Exercise goal:
From the data below, return only the lines from the one with "Crémaillère en laiton" through the one with "Leaves in a pale halo", exact and inclusive, with pictures left out.

Provided material:
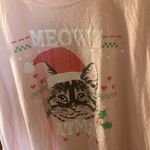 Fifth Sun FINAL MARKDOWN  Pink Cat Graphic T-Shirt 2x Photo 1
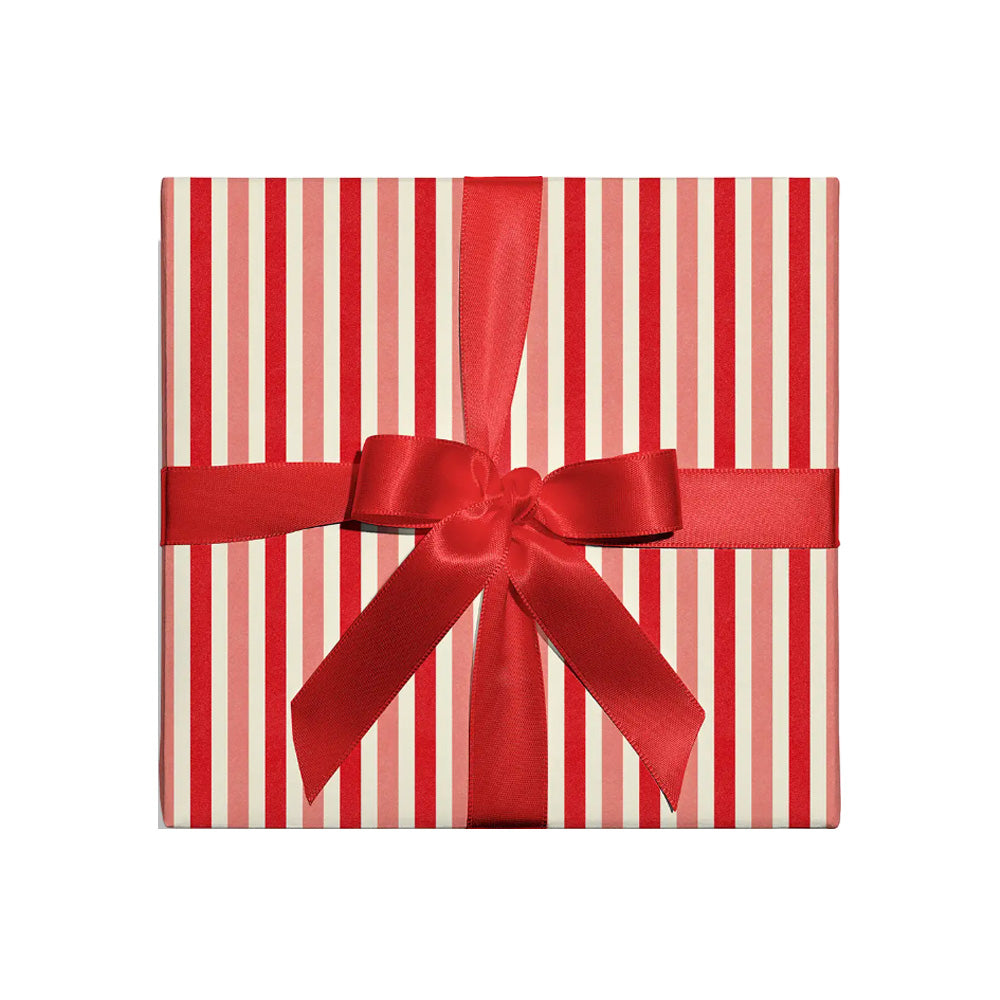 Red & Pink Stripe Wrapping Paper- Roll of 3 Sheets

==

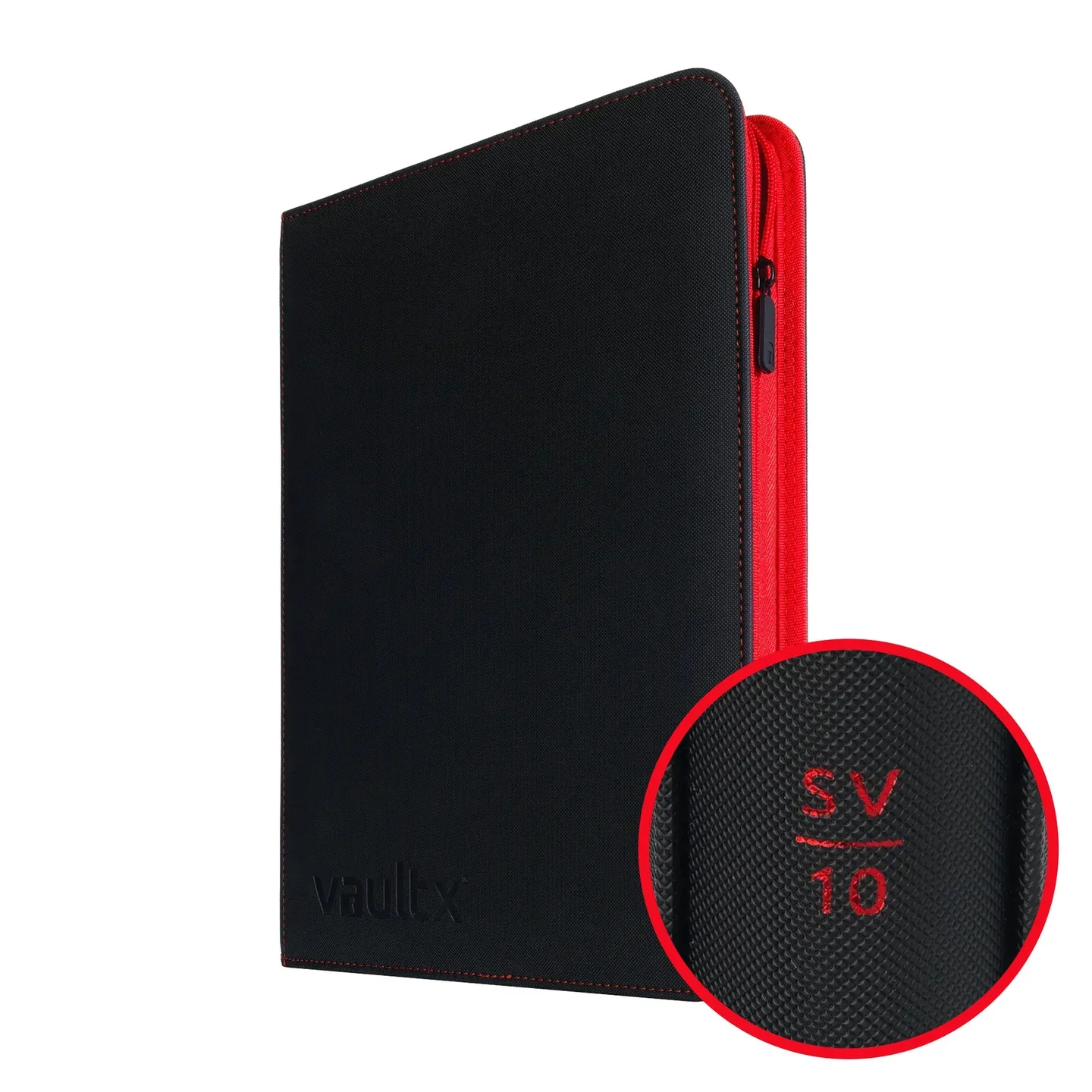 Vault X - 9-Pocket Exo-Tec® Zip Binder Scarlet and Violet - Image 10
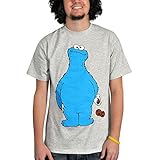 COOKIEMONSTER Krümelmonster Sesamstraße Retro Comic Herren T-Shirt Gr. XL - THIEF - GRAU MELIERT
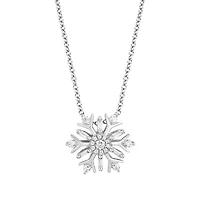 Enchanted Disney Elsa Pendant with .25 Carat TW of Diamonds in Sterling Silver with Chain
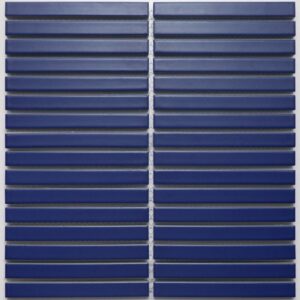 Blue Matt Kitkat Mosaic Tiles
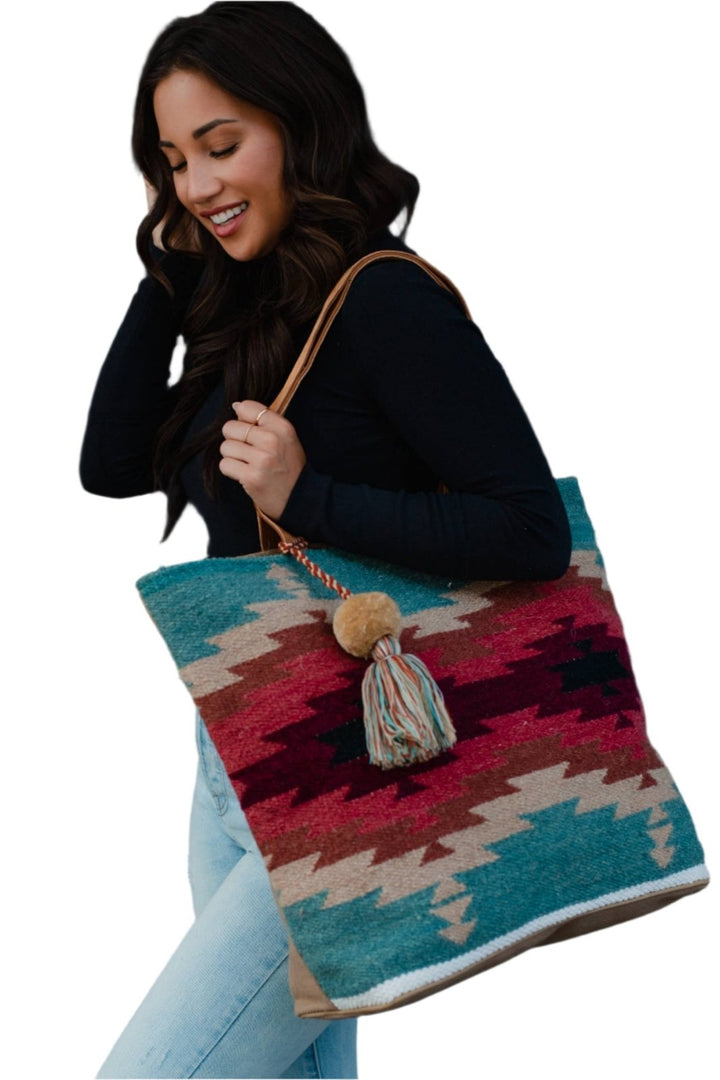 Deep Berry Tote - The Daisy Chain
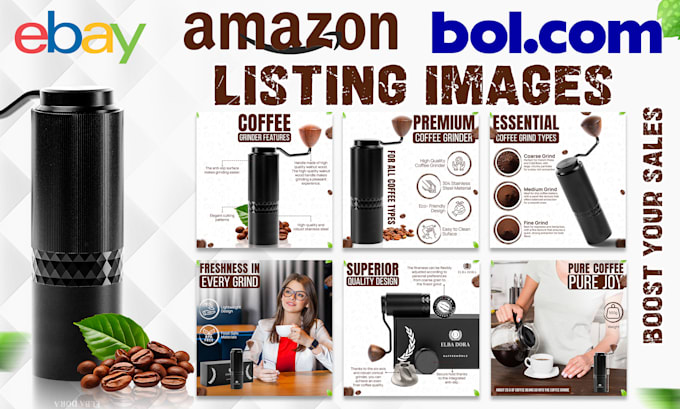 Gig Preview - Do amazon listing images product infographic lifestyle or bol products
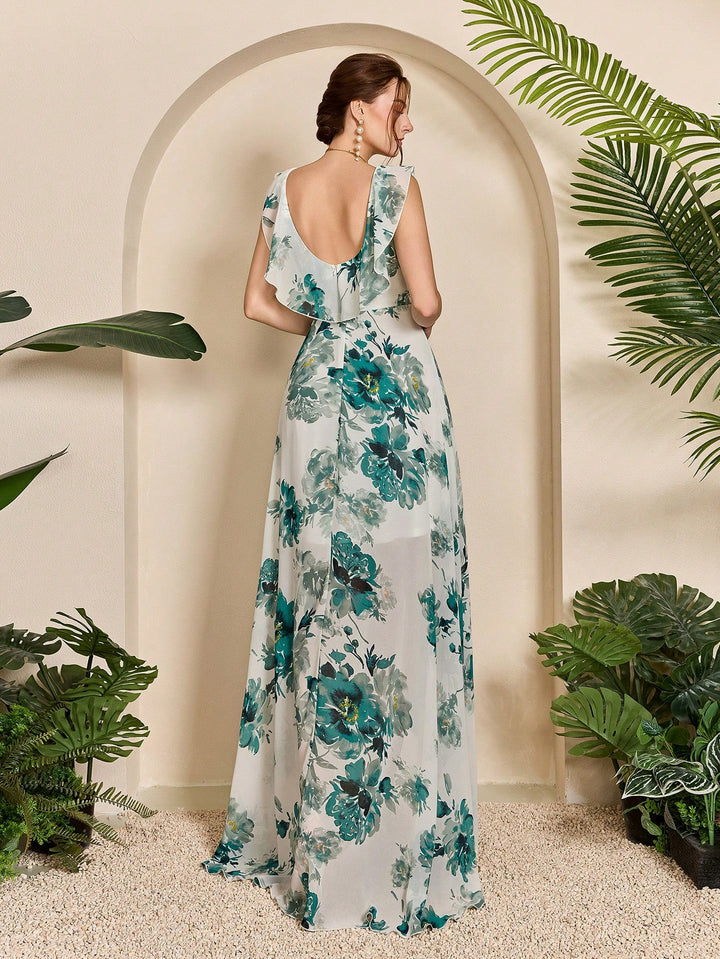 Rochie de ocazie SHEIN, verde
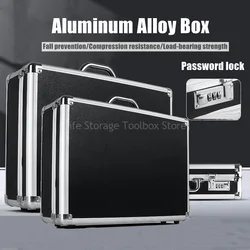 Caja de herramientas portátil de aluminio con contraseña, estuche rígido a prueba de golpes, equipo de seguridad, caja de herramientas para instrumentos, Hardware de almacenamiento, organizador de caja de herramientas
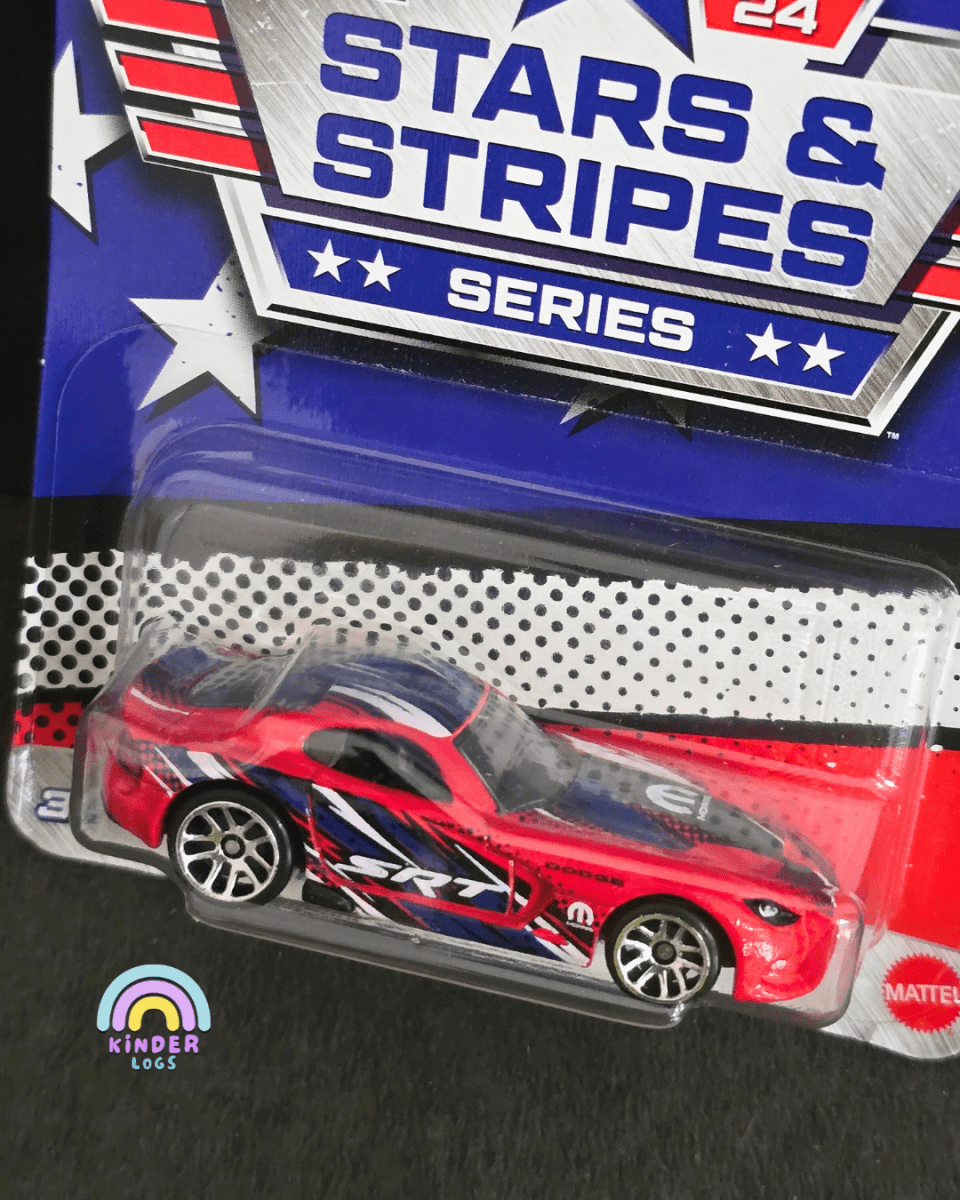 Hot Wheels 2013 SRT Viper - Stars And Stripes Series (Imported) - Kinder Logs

* * *

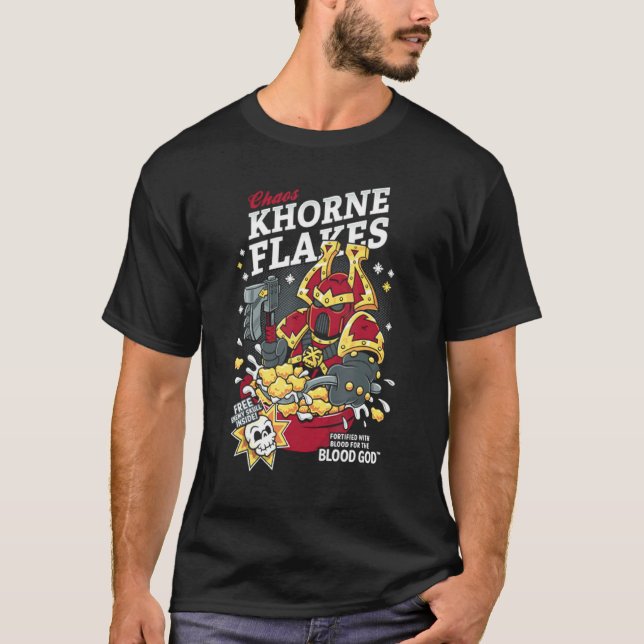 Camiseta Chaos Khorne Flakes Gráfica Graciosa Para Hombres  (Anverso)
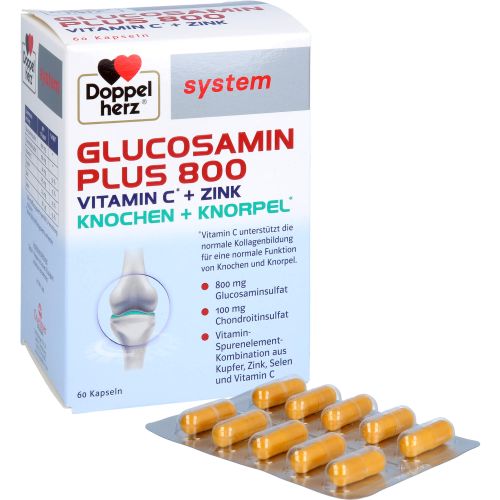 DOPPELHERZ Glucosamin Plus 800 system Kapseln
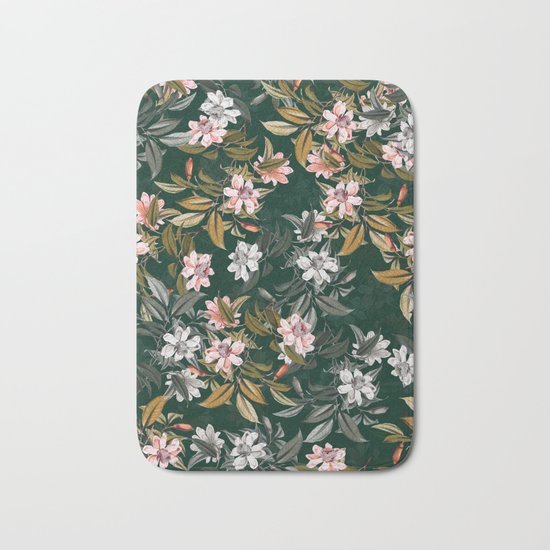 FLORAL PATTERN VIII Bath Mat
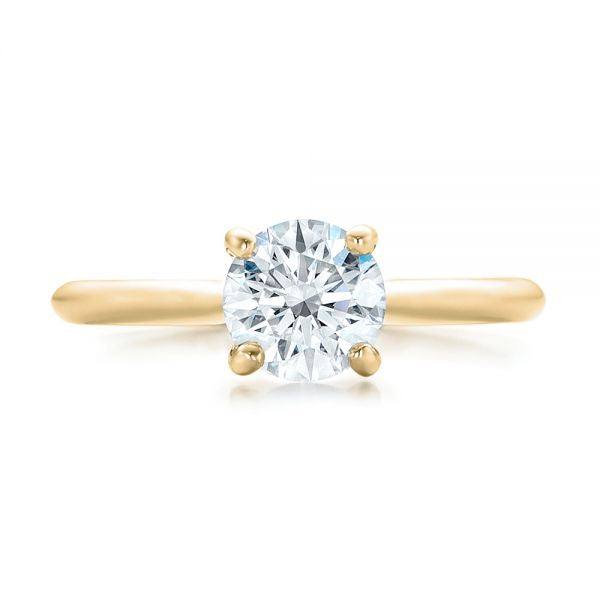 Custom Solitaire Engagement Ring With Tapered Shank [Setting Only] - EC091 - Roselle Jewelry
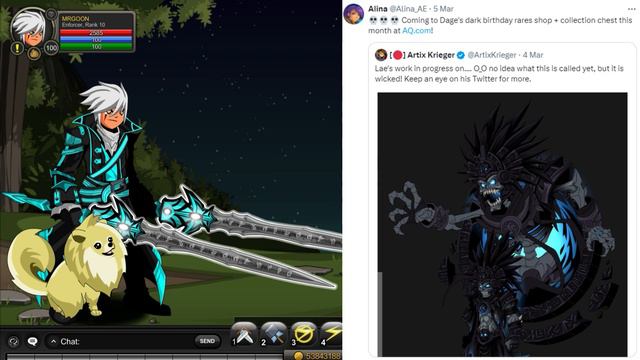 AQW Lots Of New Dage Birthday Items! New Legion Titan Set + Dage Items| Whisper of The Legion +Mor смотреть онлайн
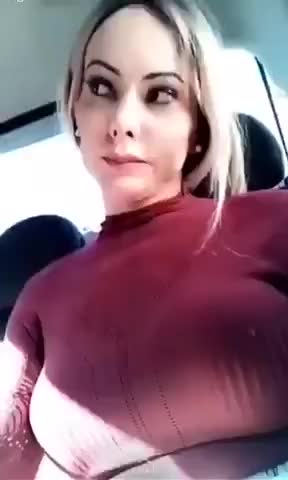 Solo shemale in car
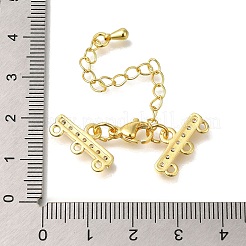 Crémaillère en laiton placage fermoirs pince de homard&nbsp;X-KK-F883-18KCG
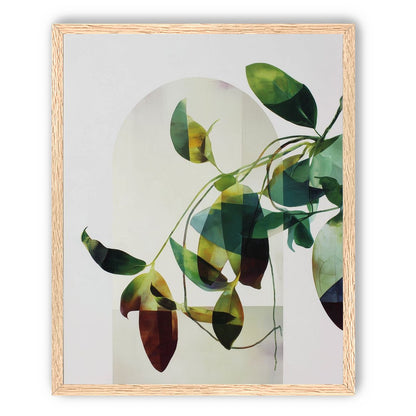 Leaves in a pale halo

The answer:
 Crémaillère en laiton placage fermoirs pince de homard&nbsp;X-KK-F883-18KCG
 Leaves in a pale halo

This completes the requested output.